Each of us has our own way of coping with the wretchedness of the oncoming days of mercury-lit, or halogen-glaring horror. For example, I described mine here and PJM’s Claudia Rosett described hers here.
It pains me acutely — like an attack of appendicitis — to write this paragraph, but an excellent article on the choices of light bulbs legally available both before and after December 31 appeared in one of the least reliable and my own least favorite newspaper in the United States. Yes, The New York Times, here. One reason the article was so good was that it steered clear of politics, not even mentioning that it was none other than President George W. Bush who signed this egregious legislation into law. The existence of this welcome lacuna was doubtless because the article appeared in the Thursday “Home” section. Had it been an editorial or what they call at the Times a “news story” (known elsewhere as an editorial) in the main news section, the entire focus would have been on Bush.
And now, as the days dwindle down to a precious few, we incandescent light bulb-lovers have been accorded our own song. Yes, a melody with soulful lyrics, and a candle-lit video to express our roiling, complex mix of feelings, ranging from outrage to horror to sorrow. It’s a heady fusion of emotions, with all who’re concerned about this impending disaster living in a state of incandescent fury and palpitating dread, as we descend on Home Depots and Lowes stores, as well as neighborhood hardware stores, swooping up cartfuls of these precious, soon-to-be-forever-banned 100-watt incandescent bulbs, along with dimmable incandescent floodlights.
When friends come for dinner, we turn down the dimmers, and magically, everyone appears gently younger than they actually are. “You look marvelous,” they say, and, of course, everyone does look marvelous when illuminated by 20 watts when the 65-watt incandescent flood lights are dimmed. For that matter, everyone also looks great in the dark. But we do have to see our food, and so some illumination is helpful.

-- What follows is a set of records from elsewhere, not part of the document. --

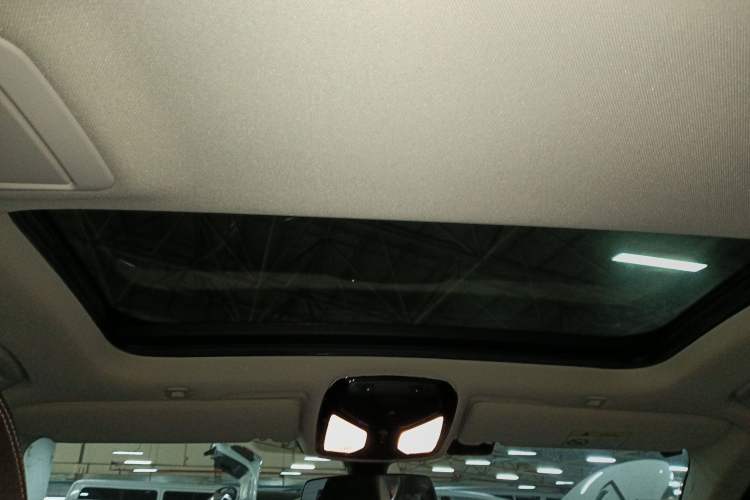 Used BMW 5 Series New Energy 2020 Mileage Upgrade Version 530Le Luxury Package Headliner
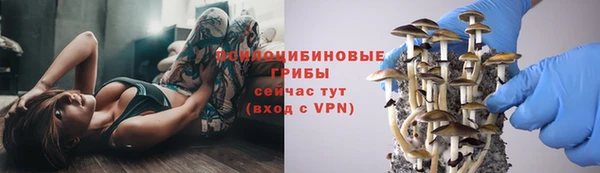 ECSTASY Бородино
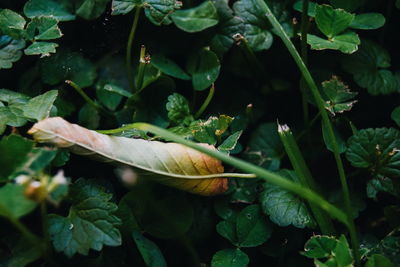 Close-up of water drops on plant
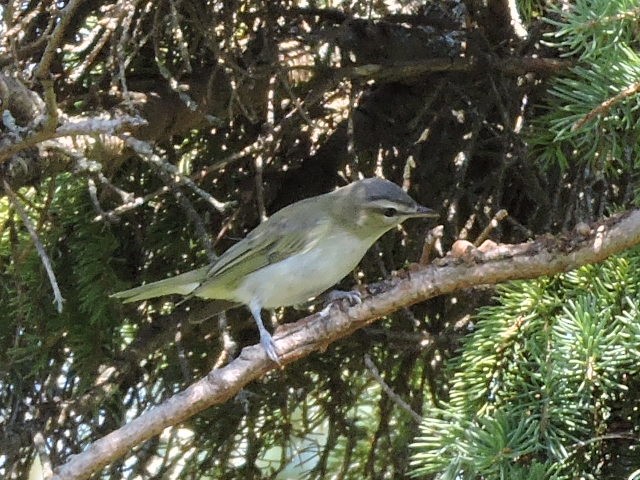 Rotaugenvireo - ML478347161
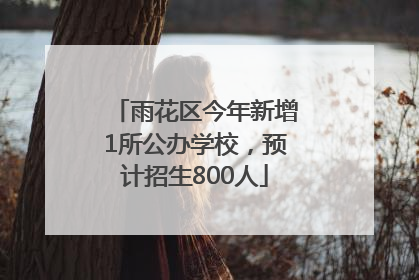 雨花区今年新增1所公办学校，预计招生800人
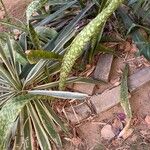 Sansevieria aethiopica Leaf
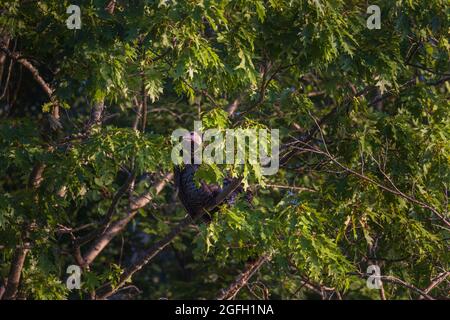 Tom turkey roosting in an oak tree. Stock Photo
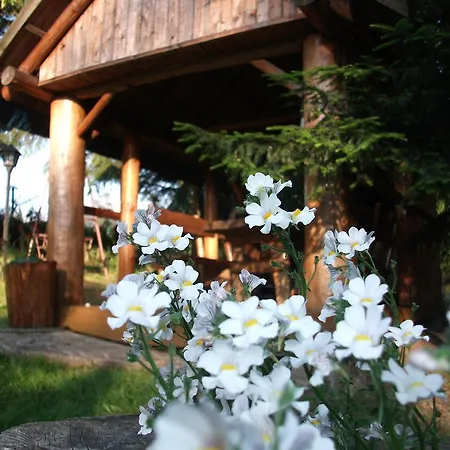 Quarto em Acomodações Particulares Na Bani - I *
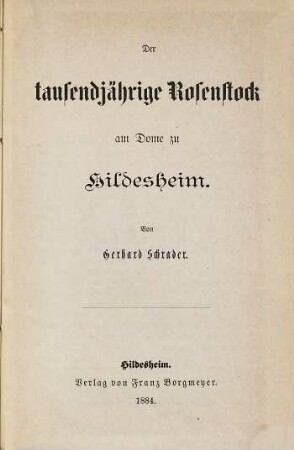 Der tausendjährige Rosenstock am Dome zu Hildesheim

Soon, we’ll all be gathering under New Bulbs, illuminating every imaginable detail of our lives, not to mention our food and ourselves. We’ll look back with nostalgic tristesse at the many books we read by 100-watt incandescents, and remember our friends’ beloved faces kindly lit with a little help from our dimmers. It may come as quite a shock to see what they really look like.
As we collectively prepare for the grim realities ahead, we can hum along to this lilting song, brought to us by the folks at the Club For Growth. I know — who knew or even imagined they purveyed heart-rending ballads, as well as hard economic data? But they do.
To watch this farewell song to man’s greatest invention for reading — indeed for living in all its many splendors — between sunset and sunrise, click here. Hear it and weep. Or read a good book by one of your remaining 100-watt incandescents and dream of the glory days soon to be snuffed out by legislative fiat in one of the dumbest acts of Congress since Congress first convened.
May there be a moment of silence at the Thomas A. Edison Service Area on the New Jersey Turnpike on December 31 at midnight, in honor of the great inventor of the incandescent light bulb.